Goal of the exercise
Please give the lines below again exactly as they stand, from the one that contains "ASSOCIATED PRESS" up to and including the one that contains "White ghost haunting", leaving all pictures out.

Supplied records
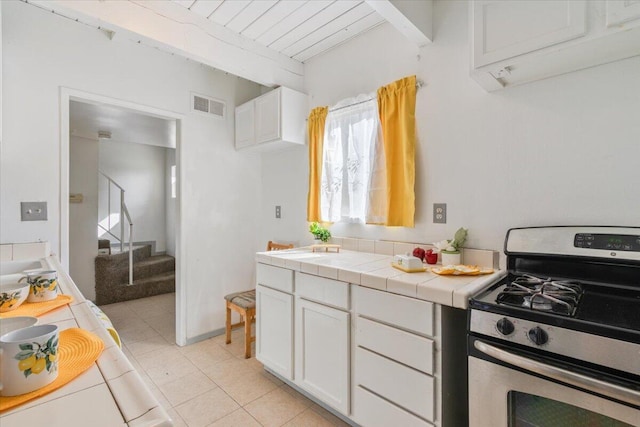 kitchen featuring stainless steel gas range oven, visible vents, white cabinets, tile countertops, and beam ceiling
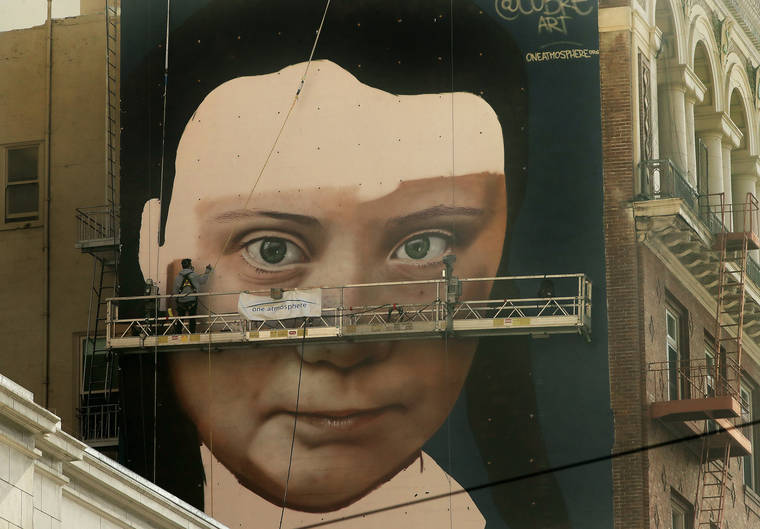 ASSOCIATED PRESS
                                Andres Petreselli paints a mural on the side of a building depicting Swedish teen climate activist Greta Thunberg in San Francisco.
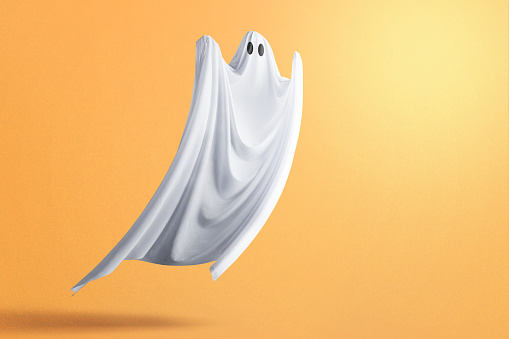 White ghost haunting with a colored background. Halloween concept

...

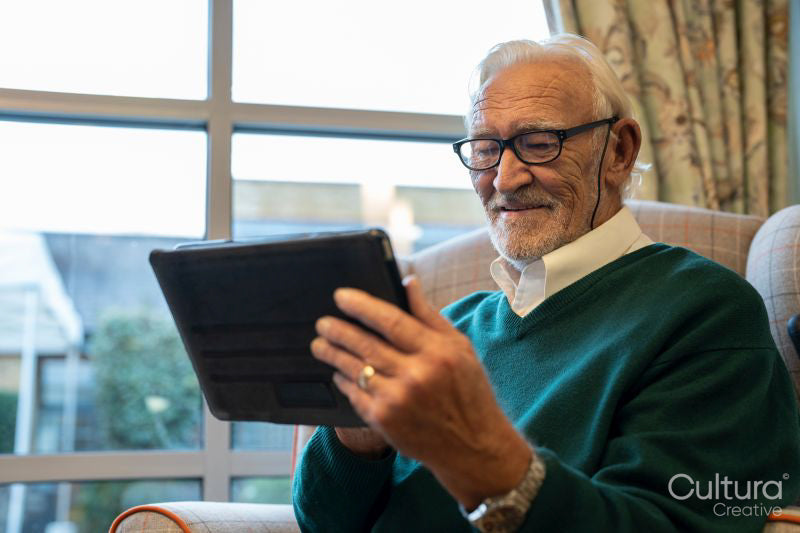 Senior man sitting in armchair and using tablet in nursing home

Result of the exercise
 ASSOCIATED PRESS
                                Andres Petreselli paints a mural on the side of a building depicting Swedish teen climate activist Greta Thunberg in San Francisco.
 White ghost haunting with a colored background. Halloween concept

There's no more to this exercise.